Adopting a sibling group can be challenging; listen to the experiences of a couple in Devon who adopted a group of five…
We wanted to adopt because we always knew we wanted children. As a gay couple there were a couple of options open to us, but it the end it seemed like the better and more logical thing to do was to adopt. We wanted children and there were children who needed a family. We always wanted a sibling group…from day one. We both come from large families and wanted to replicate our experiences. A large family just seemed the norm for us.
Adoption is pretty much exactly as we had thought. That is all thanks to the fantastic preparation we had with FFC and in particular our social workers Penny and Eric. They always made sure that we fully understood the enormity of what we were taking on and always encouraged us to remove our rose-tinted spectacles when we were getting carried away. They introduced us to other families who adopted so we could see what life was going to be like and the challenges adopting can bring.
Whilst the process was hard it was also incredibly informative and useful. It allowed us to be open and honest with each other as well as FFC, and to ask as many questions as we wanted, we also challenge ourselves and our thinking about adopted children and what our lives could be like. It also opened up the adoption conversation in a positive way with our families and our friends.
Feelings changed a lot. At first we felt excited for the changes but very quickly followed shock that our quiet house was now so noisy and full and we had responsibility for these other lives and we had to get it right….or mostly right all the time. It was quite daunting but also it was incredibly rewarding. We knew from the moment that they ran through the door that this was our family – no matter what happened next.

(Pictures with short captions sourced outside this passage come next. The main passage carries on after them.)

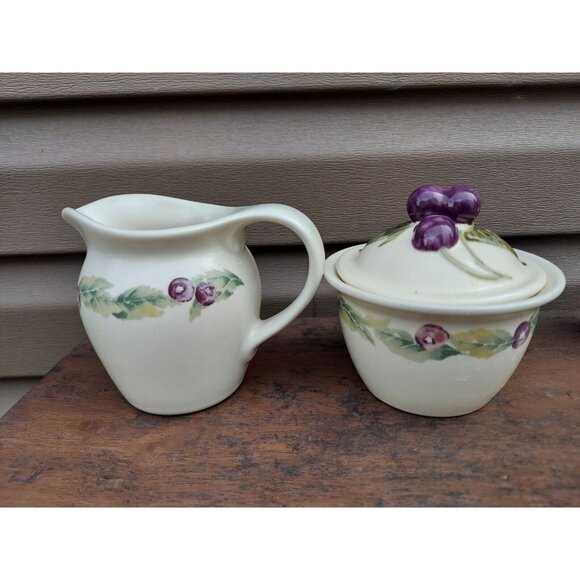 Pfaltzgraff Jamberry Sugar, Creamer and Salt & Pepper Shakers - Picture 2 of 5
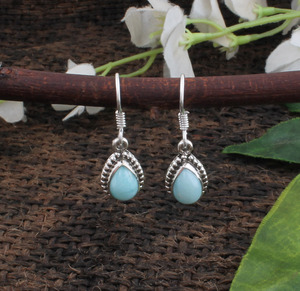 Boucles d'oreilles en zircon naturel, argent sterling 925 massif, faites à la main, style vintage, pour un cadeau d'anniversaire de mariage - Product Image 2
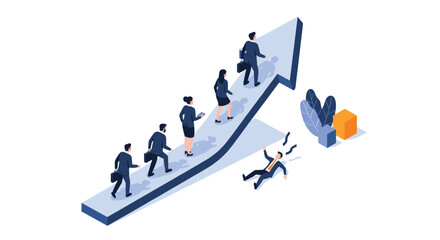 Illustrating the climb up the corporate ladder with business professionals progressing upwards on an arrow graph while one person falls behind and a bird icon represents communication.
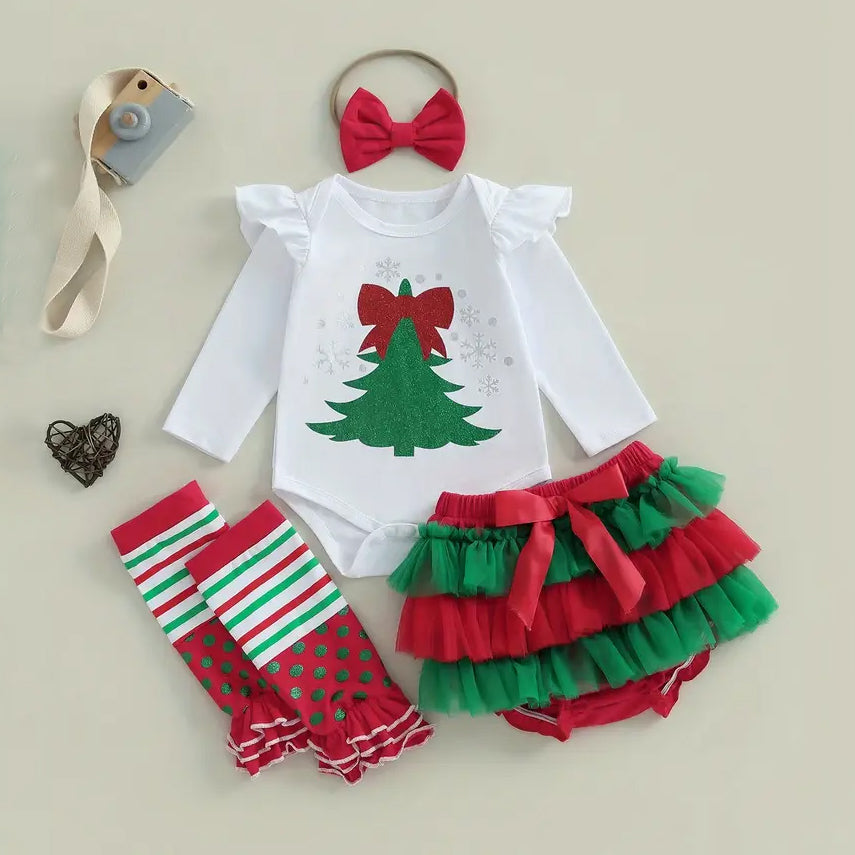 4PCS Christmas Tree Printed Mesh Baby Set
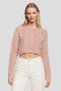 Women Crew Neck Long Sleeve Textured Crop Top, Pink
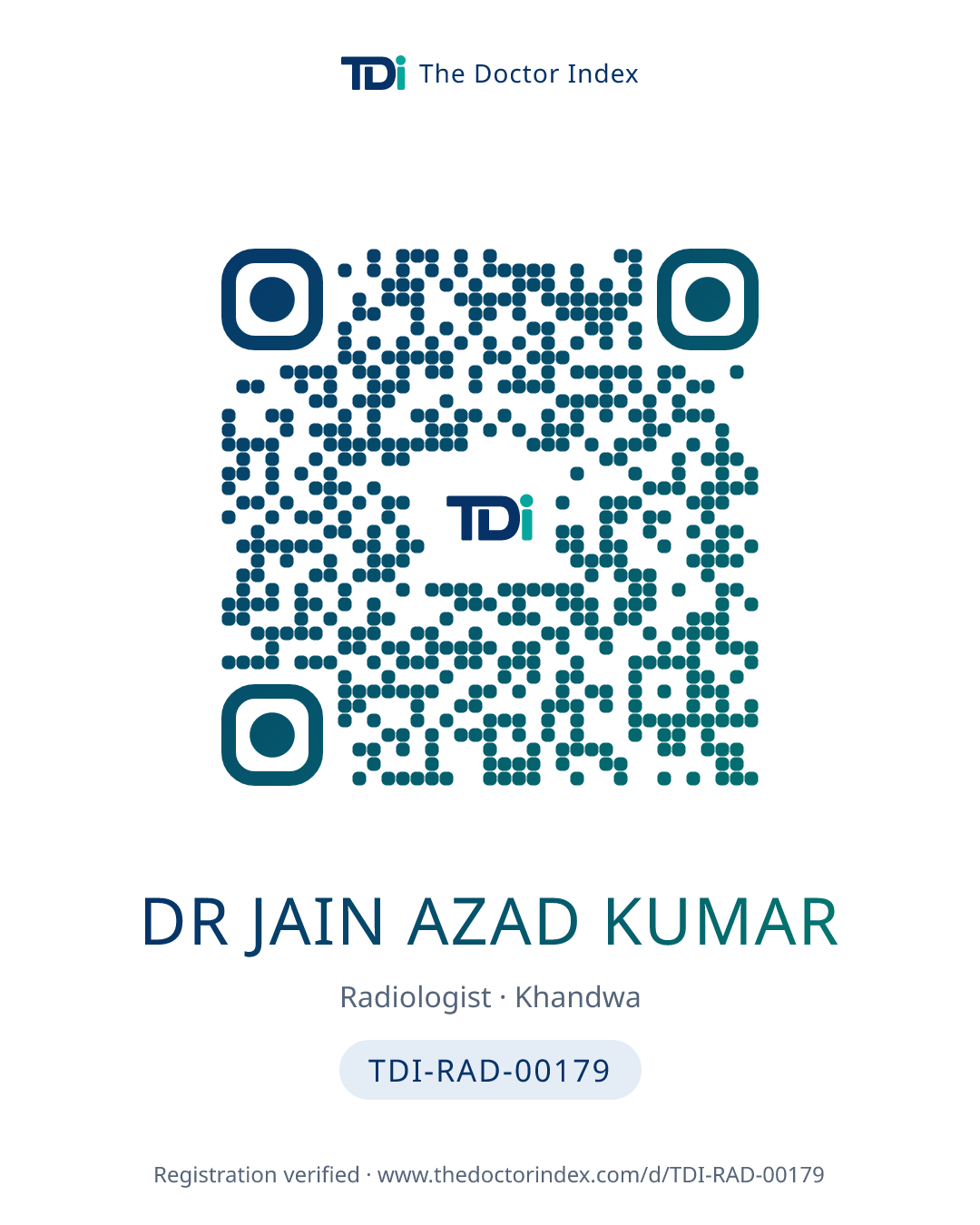 QR card for Dr Jain Azad Kumar, TDI-RAD-00179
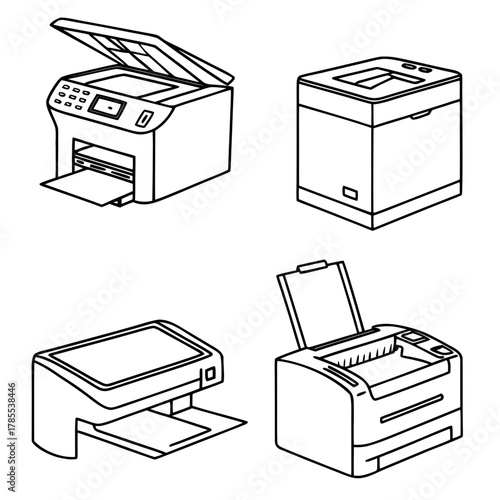 Four different printer types are presented in a line art style, showcasing various designs and functionalities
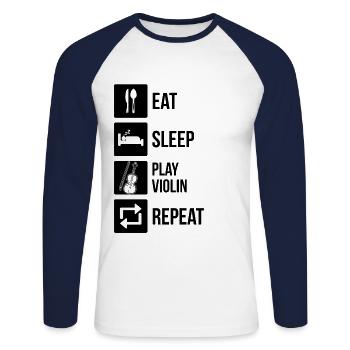 Violon Violoniste Violoniste - T-shirt baseball manches longues Homme - blanc/marine - Devant - Nik (191cm)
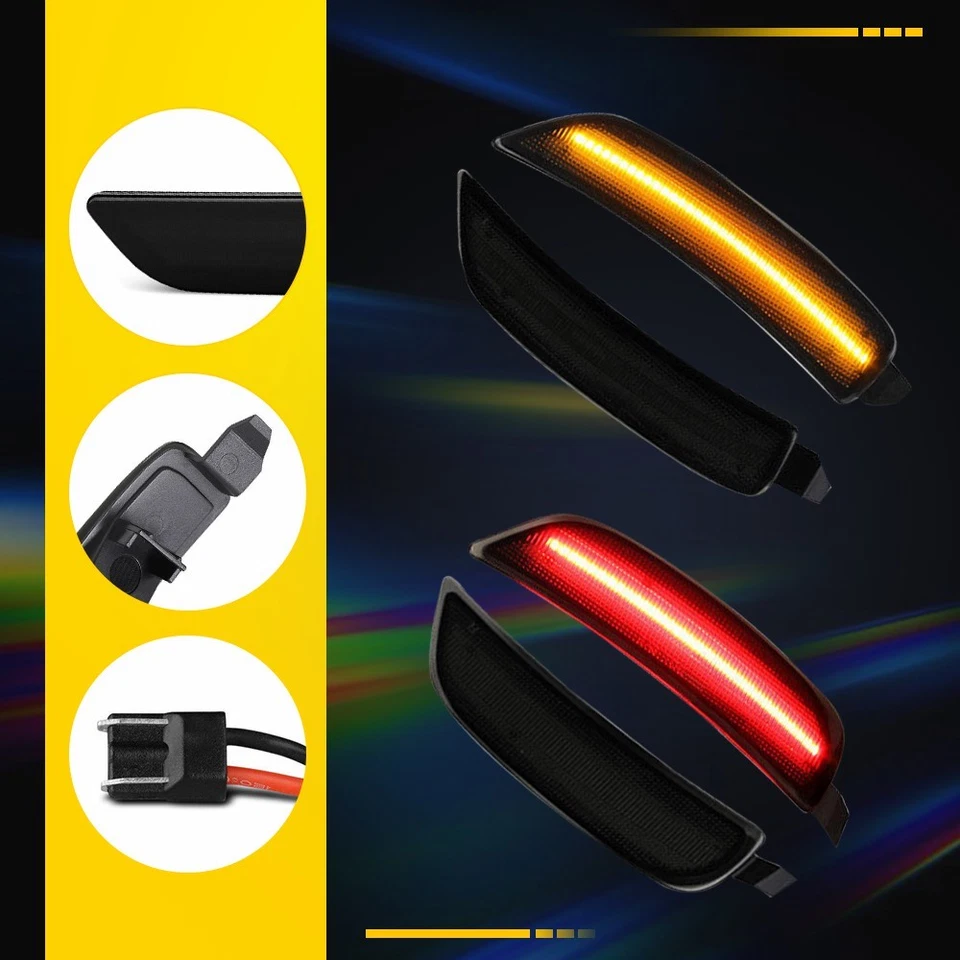 6X [HUMO OSCURO] Ámbar Rojo F+R LED Luz Marcadora Lateral Lámpara Para Mazda MX5 Miata/RX8 Foto 2 de 4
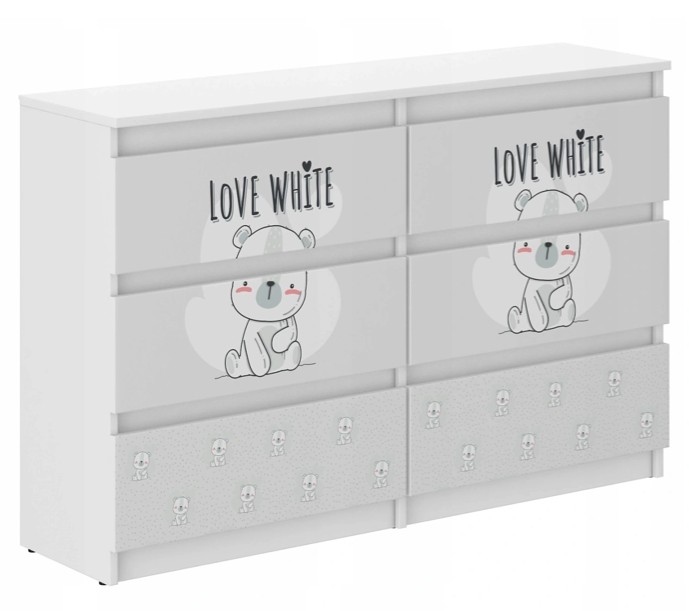 Cassettiera per bambini con orsacchiotto 77 x 30 x 120 cm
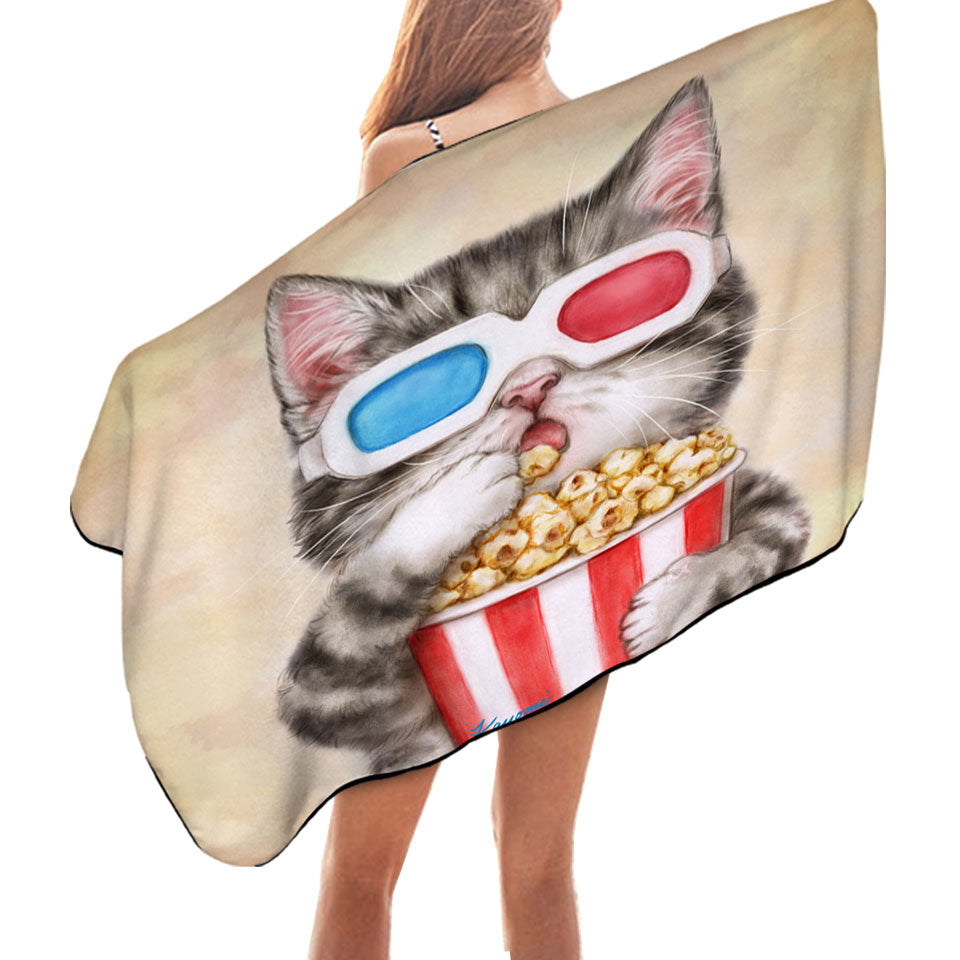 Funny Kittens Eating Popcorn Grey Kitty Cat Microfibre Beach Towels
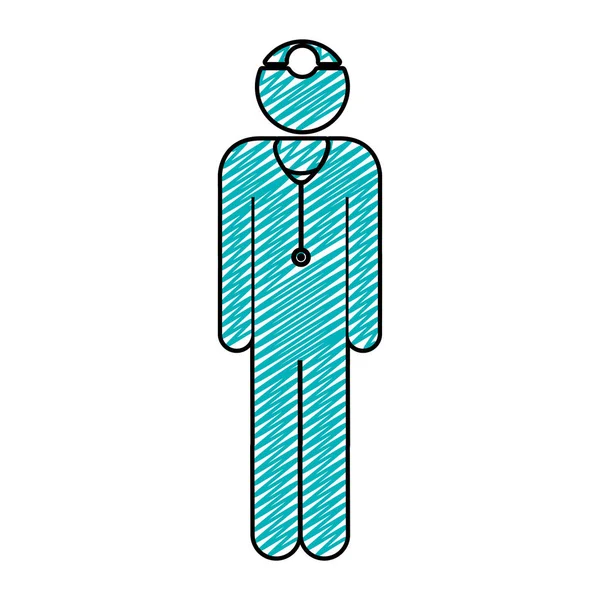 彩色铅笔绘图的象形图男性外科医生用听诊器 — 图库矢量图片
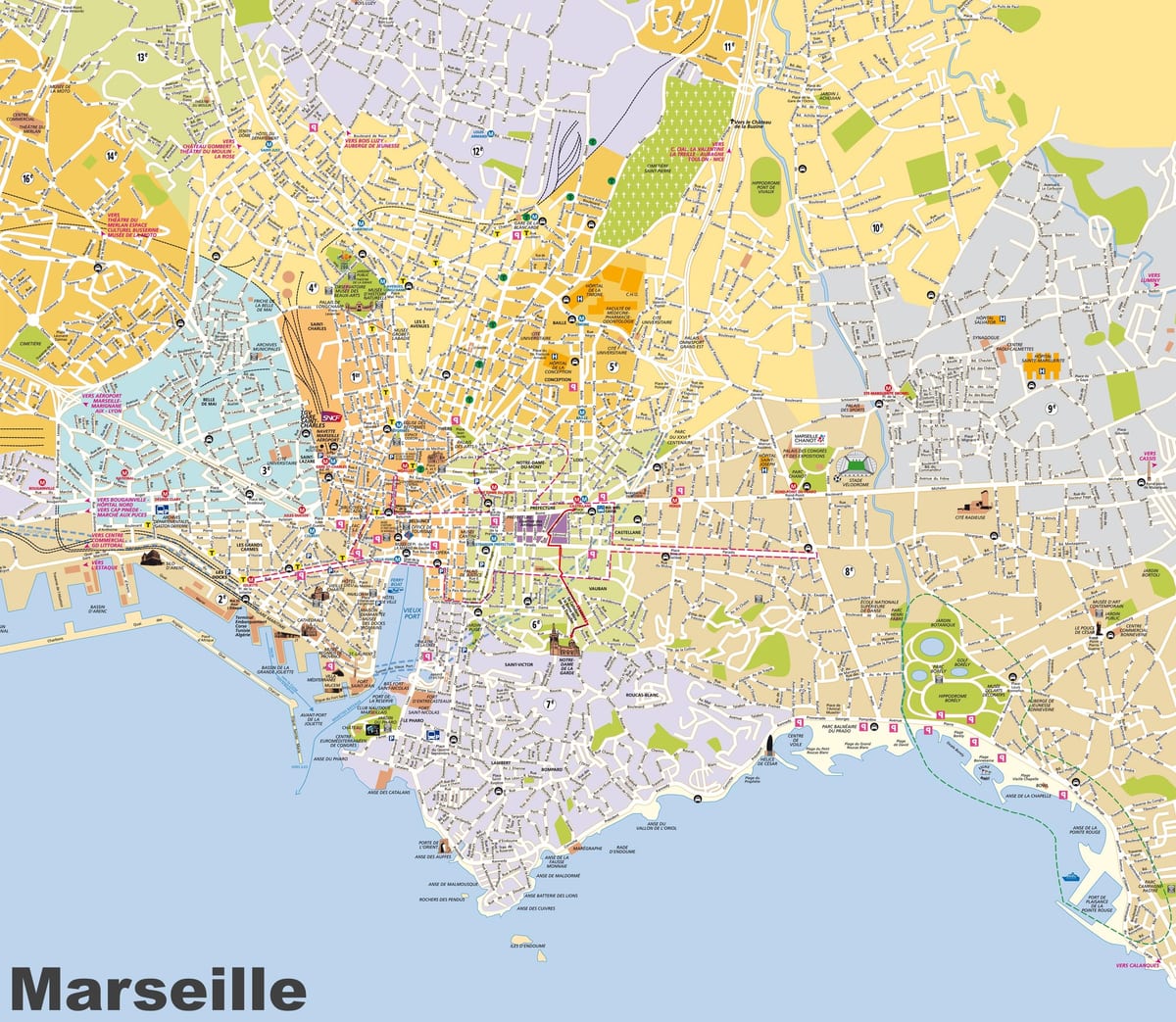 mapu Marseille okolí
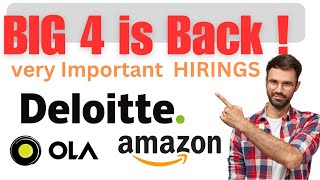 Deloitte Hiring  PANASONIC  OLA  KPMG  Amazon  Fresher Hiring  Experienced JOBS  2023 2024 [upl. by Ecilayram]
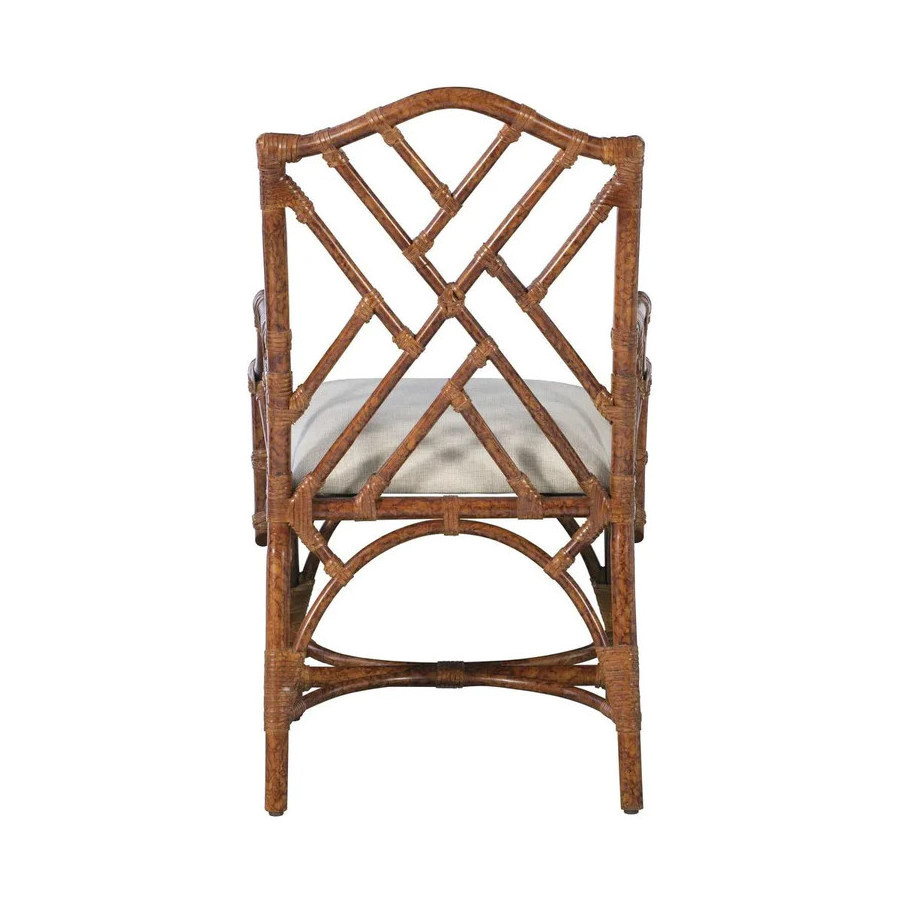 20th Century Tortoise Shell Rattan Chippendale Arm Chair Vintage Bamboo Dining Chair From Vietnam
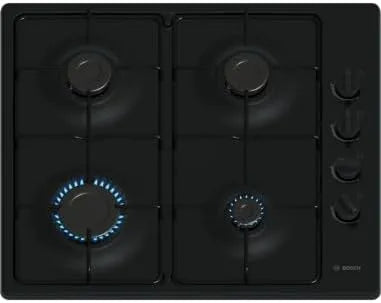 Bosch Kochfeld PBP6B6K80, Serie 2, Gaskochfeld, Breite 60 cm, 4 Flammen, Emaille, in Schwarz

The advice we would give to people considering adoption is to be open and honest from day one. Talk about your fears and concerns with FFC. Then the most important thing for us is to listen to the advice and guidance from the team. They really have seen it all and we will always want to take support when and where we can get it.
We are very much centred on our family and have been since they arrived. So we celebrate the successes and the joys. It’s our normal…which is to say it’s a pretty normal family life. Noisy, fun, always changing and always rewarding.